Free-Market Analysis: The Baltic Dry Index has received a lot of coverage because it tracks shipping activity worldwide – and it has never been lower. Nobody is shipping much of anything, it seems.
For this reason, Tavares's analysis of US rail transportation may have received more attention than it would have otherwise. It was posted at ZeroHedge, for instance, and reposted at other websites as well.
He concluded that rail transport volumes were showing considerable weakness (see excerpt above). However, the weakness was relatively recent so he declines to draw any firm conclusions.
The rail intermodal traffic category registers the long-haul movement of shipping containers and truck trailers by rail whenever combined with (a much shorter) truck movement at one or both ends … The weaknesses leading up to the 2008 financial crisis is pretty noticeable …
The analysis covers commodity groups within the context of rail traffic. According to the article, rail shipping shows a continued glut of oil and gas. Forest products, a good indicator of construction, have also fallen off significantly. However, motor vehicle shipping has been setting a new high.
Our analysis of rail volumes provides a mixed picture of the US economy at this point: oil & gas and mining-related sectors are taking a real beating, some consumer sectors seem to be holding up and there are signs of weakness in the housing sector. 2016 should witness some type of a resolution here.
Tavares, as we can see, declines to make any firm predictions. However, over at the CFA Institute, Ron Rimkus writes that "2016 is a turning point for markets," and that while the world's outlook is grim, the US may benefit considerably from Federal Reserve rate hikes.
The Fed … signaled four .25% increases in interest rates are in store for 2016 … Although the Fed has proceeded ever so gingerly, the world is nevertheless at a turning point punctuated by the Fed's historic rate hike.
… With these modest expectations, weak economies around the globe, and a rising dollar, maybe – just maybe — all that global capital sloshing around will find a home here in the US stock market? Think about it . . .
Could Yellen's rate hikes set off the next leg of a US securities boom? We recently reviewed an article by David Stockman that was relentlessly negative about central bank currency debasement (already in play) and the effect it was going to have on indebted governments and large quasi-public entities generally.
According to Stockman – and his analysis is shared by numerous hard-money analysts and economists – as the era of easy money gives way to tighter monetary volumes and higher rates, the world's economy will show considerable stress.
In fact, there are those like Euro Pacific's Peter Schiff who believe that one way or another Yellen and company will be forced to continue easy-money policies because wringing out the leverage of US$175 trillion (Stockman's estimate, printed since 2008) is an impossibility.
We would tend to agree with the hard-money crowd – and have written such – but the suggestion that US markets should benefit from higher rates (not too high, of course) is an intriguing one.
It doesn't mean anything in the longer term, given the mess of US finances.
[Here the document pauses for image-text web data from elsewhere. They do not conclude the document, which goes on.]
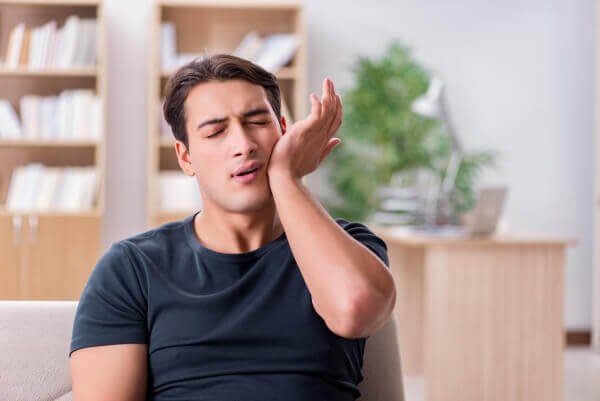 Man with tooth pain dental issue in Wethersfield CT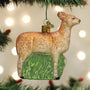 Glass deer ornament hanging on a Christmas tree with lights in the background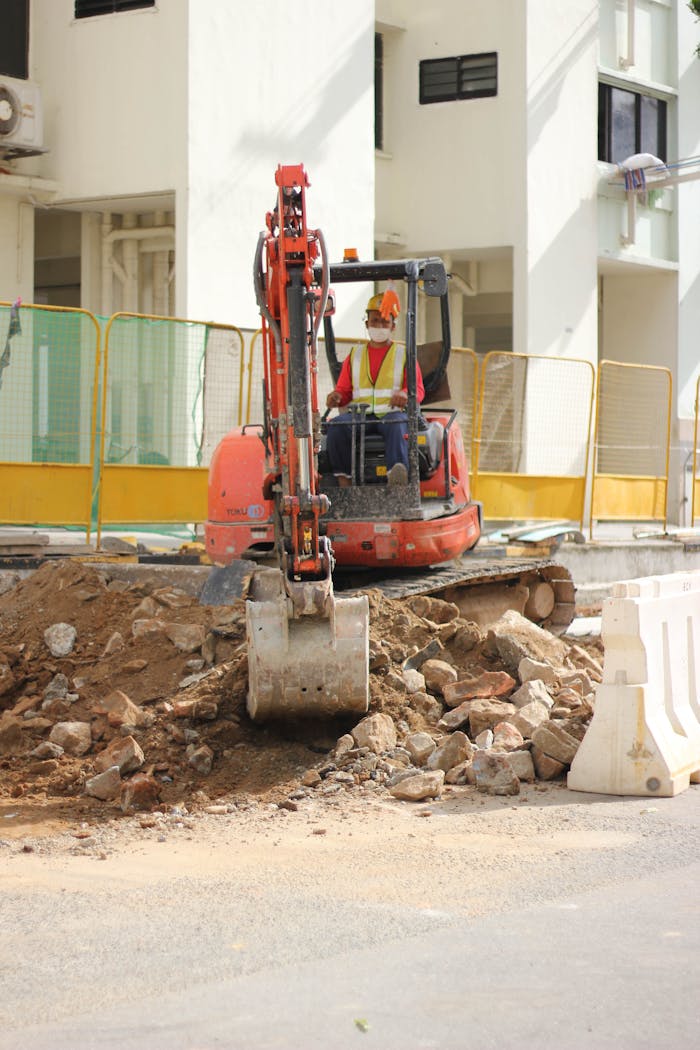 A construction worker operates a backhoe during a building project in an urban area.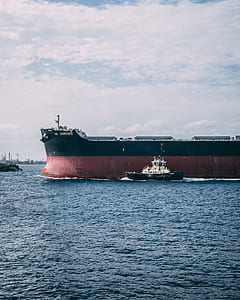 black boat near cargo ship on body of water thumbnail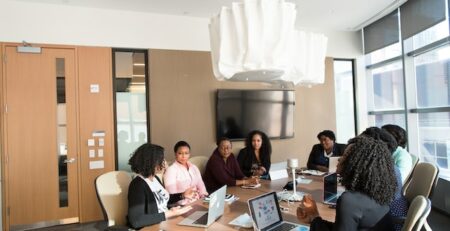 A workplace team sits around a table and negotiates. 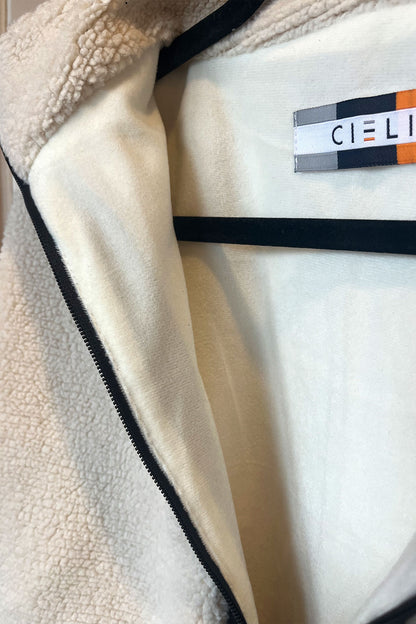 Close-up of a beige fleece jacket with a brand label on a white background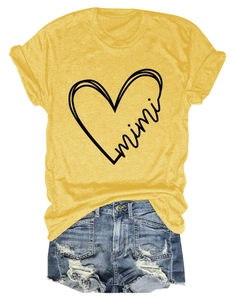 Detail of mimi heart print on ginger yellow t-shirt and distressed denim shorts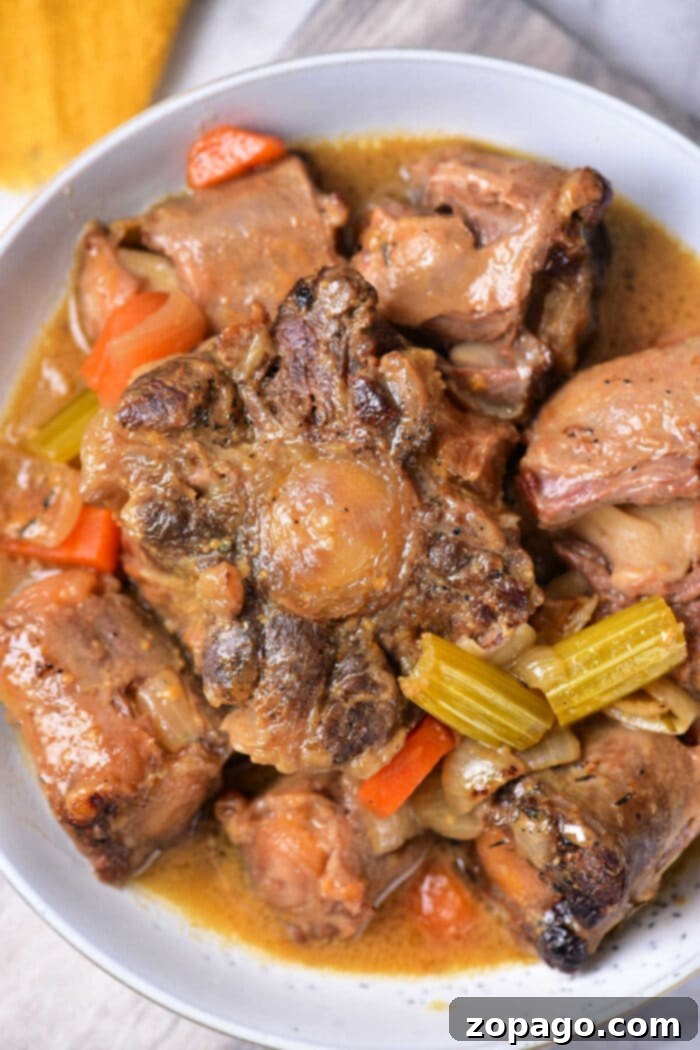 Slow-Cooked Oxtail Perfection 2 Braised Oxtail Recipe: Tender beef in a rich gravy sauce with carrots and onions, perfect for a hearty meal.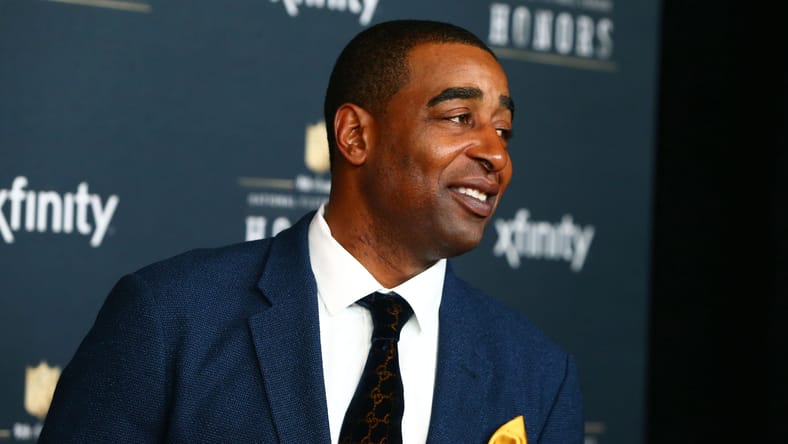 Cris Carter walks the red carpet before the 2015 NFL Honors ceremony.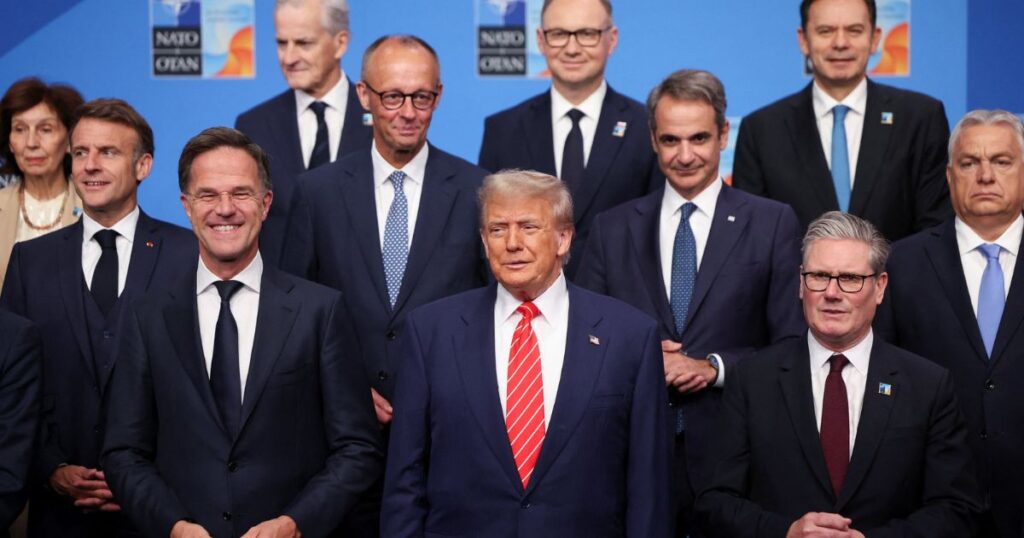 Donald Trump with other world leaders at NATO Summit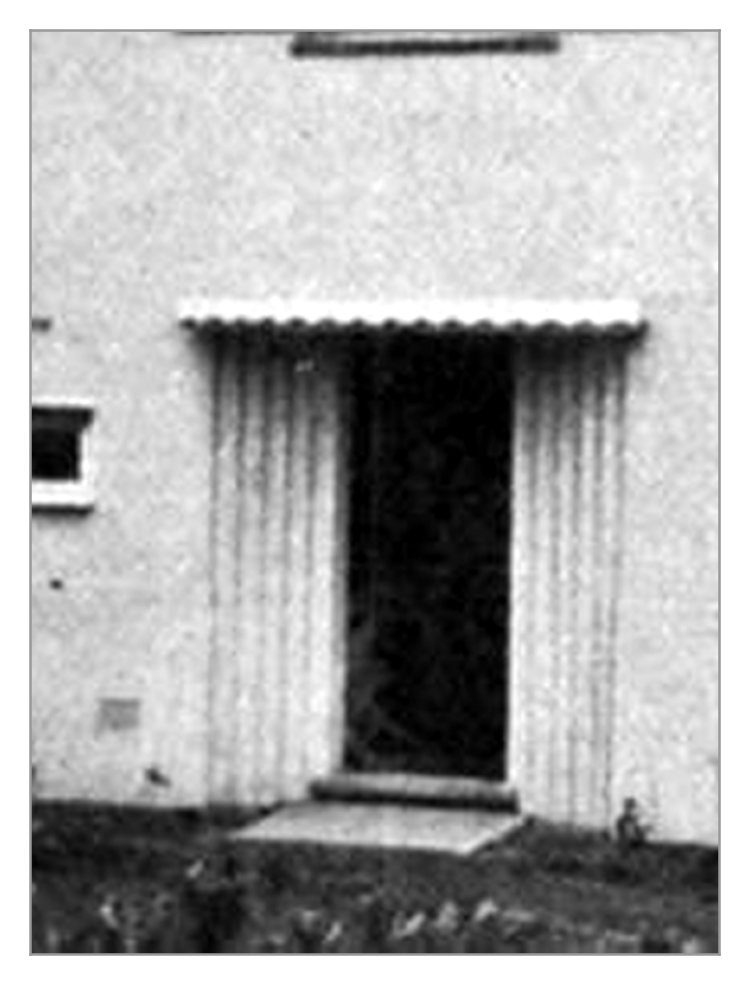 An enlarged black-and-white detail of a doorway with a scalloped canopy and a fluted rendered surround.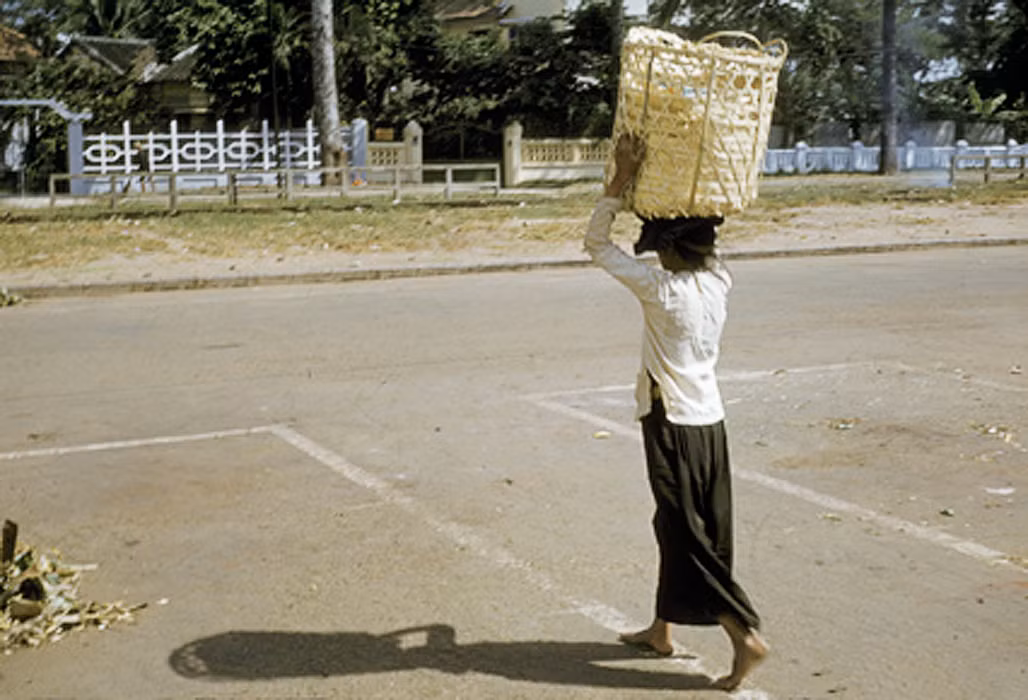 Người phụ nữ bên giỏ hàng khi chợ tan trên đường Hùng Vương, sau chợ An Đông, khu vực Chợ Lớn. Ảnh: Richard C. Harris.
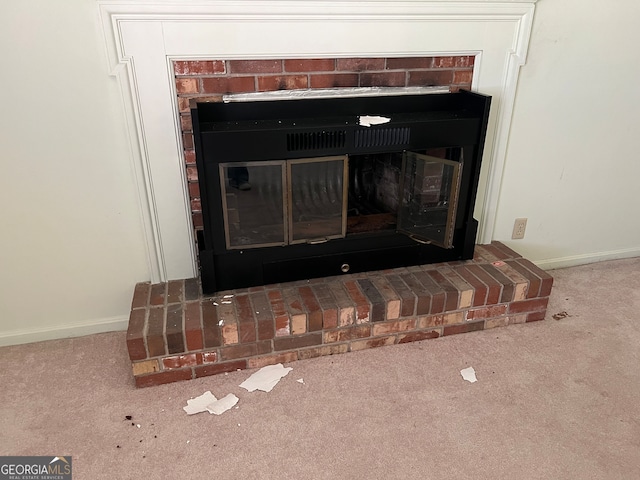 interior details with carpet flooring and a fireplace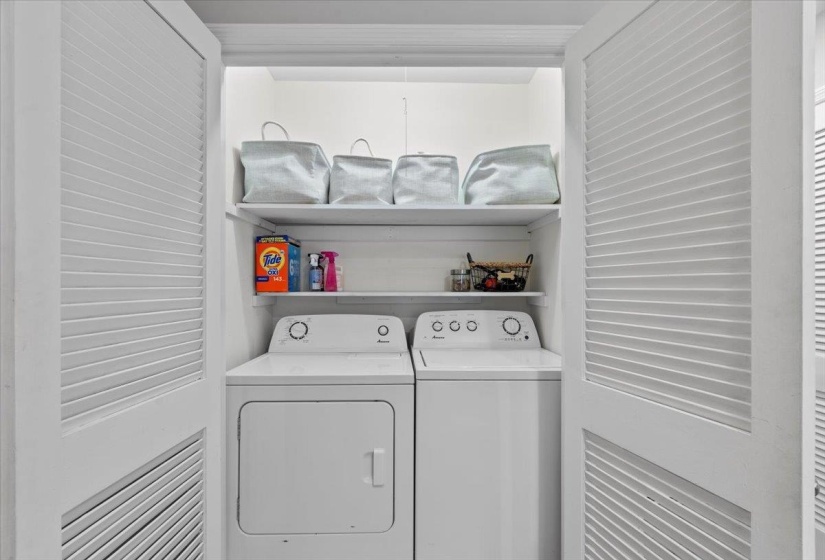 Washroom featuring independent washer and dryer
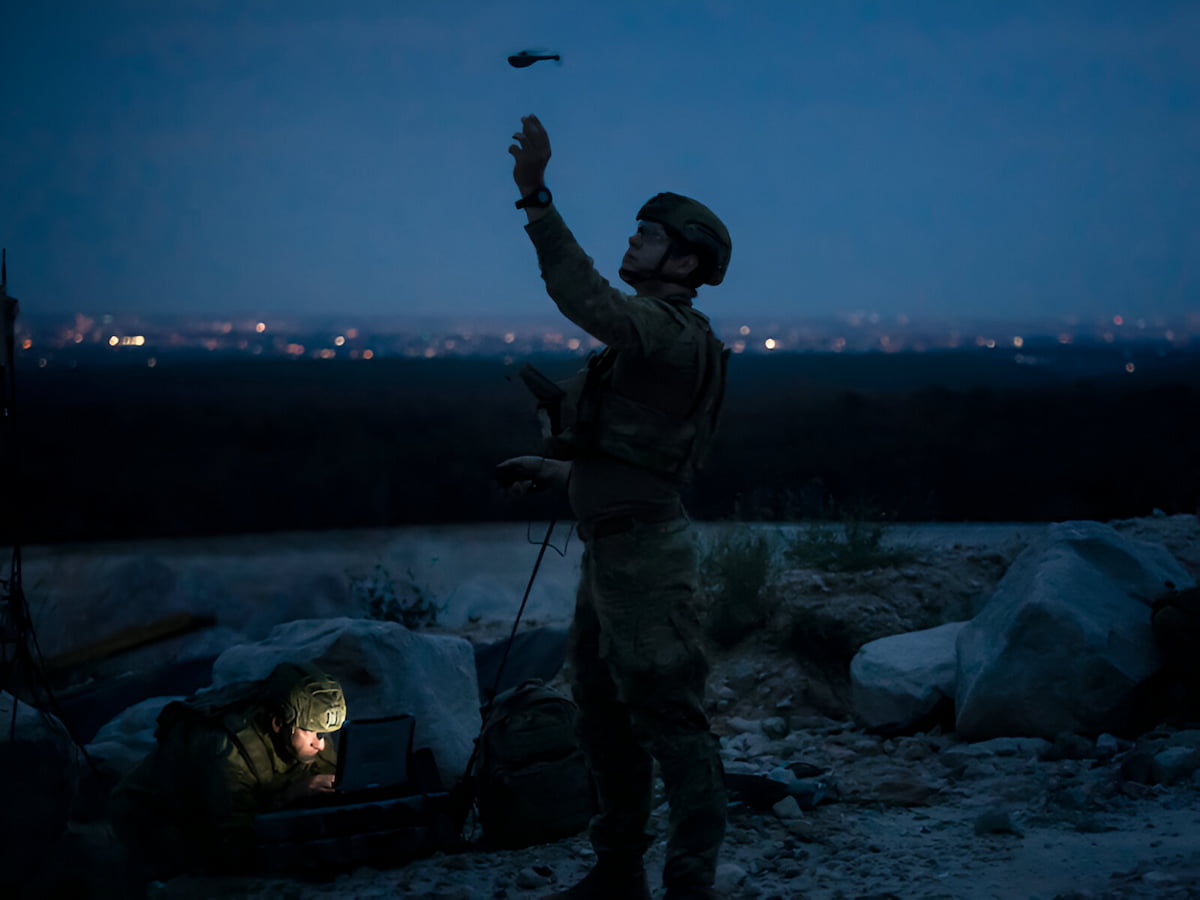 A member of the Army looks up into the night sky.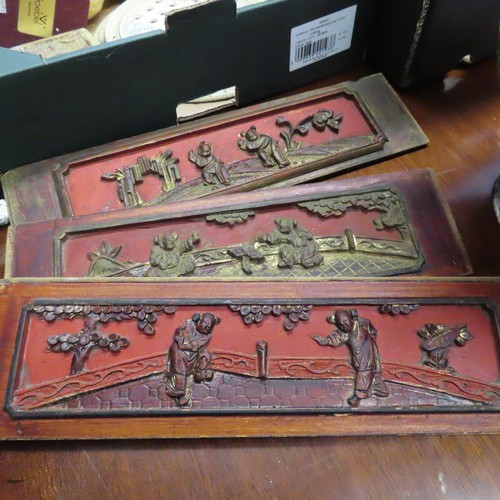 100L - Three Oriental Carved Wooden and Gilded Inset Panels Red Ground Each Approximately 14 Inches Wide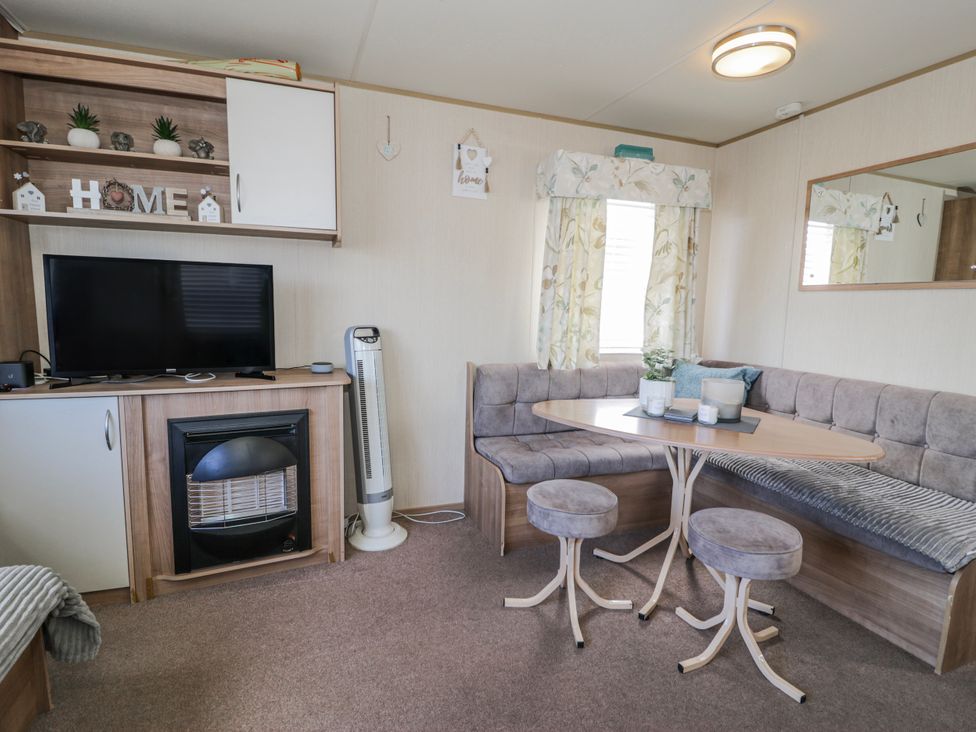 A living room with a television and a dining area at 51 Silverbirch Way in Rhyl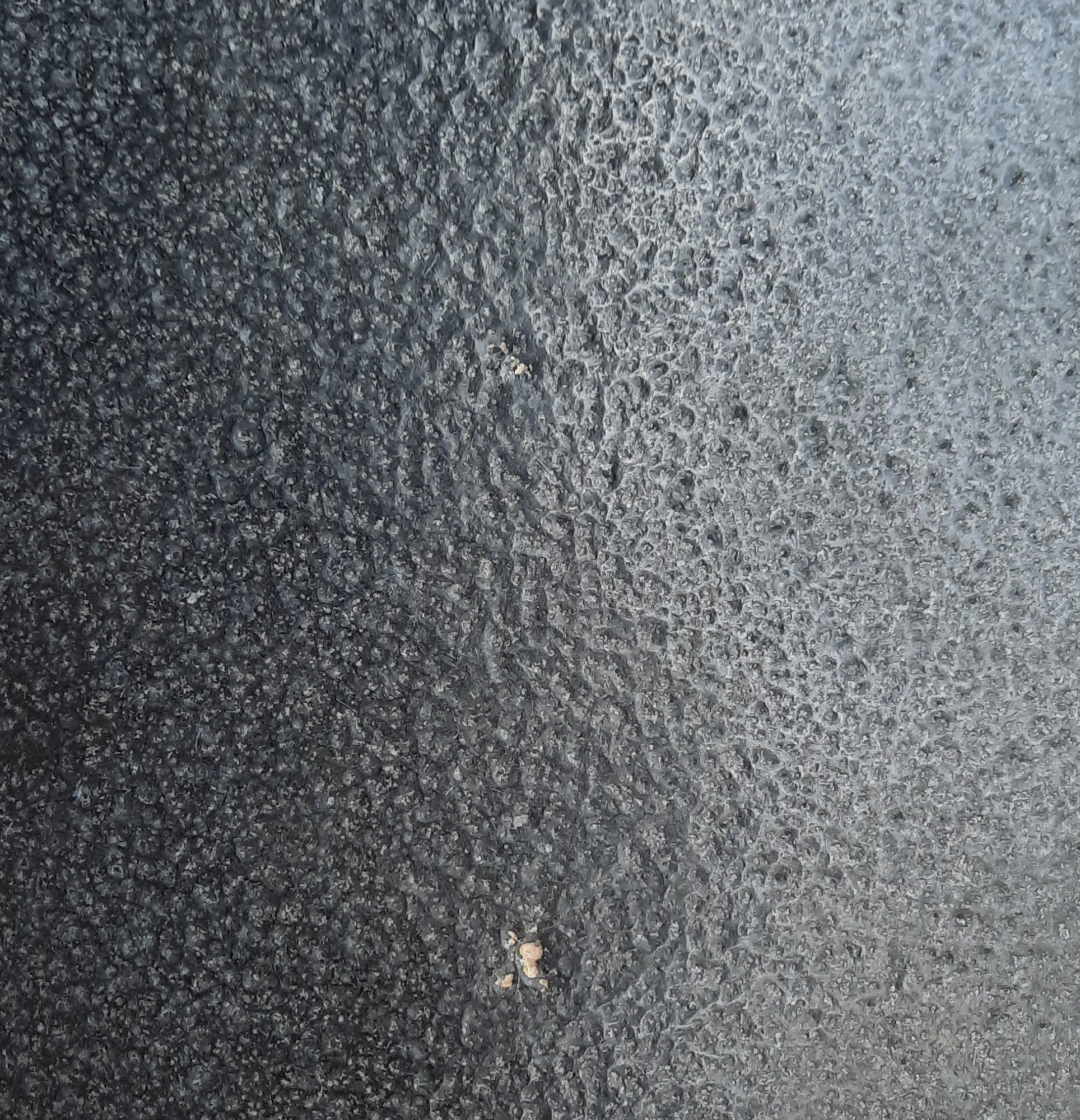 Leather-finish Indian Black Granite texture reference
But in the short term, a continued securities rally might benefit large corporations and also enhance the prospects of smaller enterprises and companies that have not yet gone public.
Certainly a sustained rally, even with considerable volatility, would enhance the prospects of emerging sectors. One such sector – cannabis – has yet to fully debut on the world's stage, but if US markets continue favorable, that process might be considerably eased.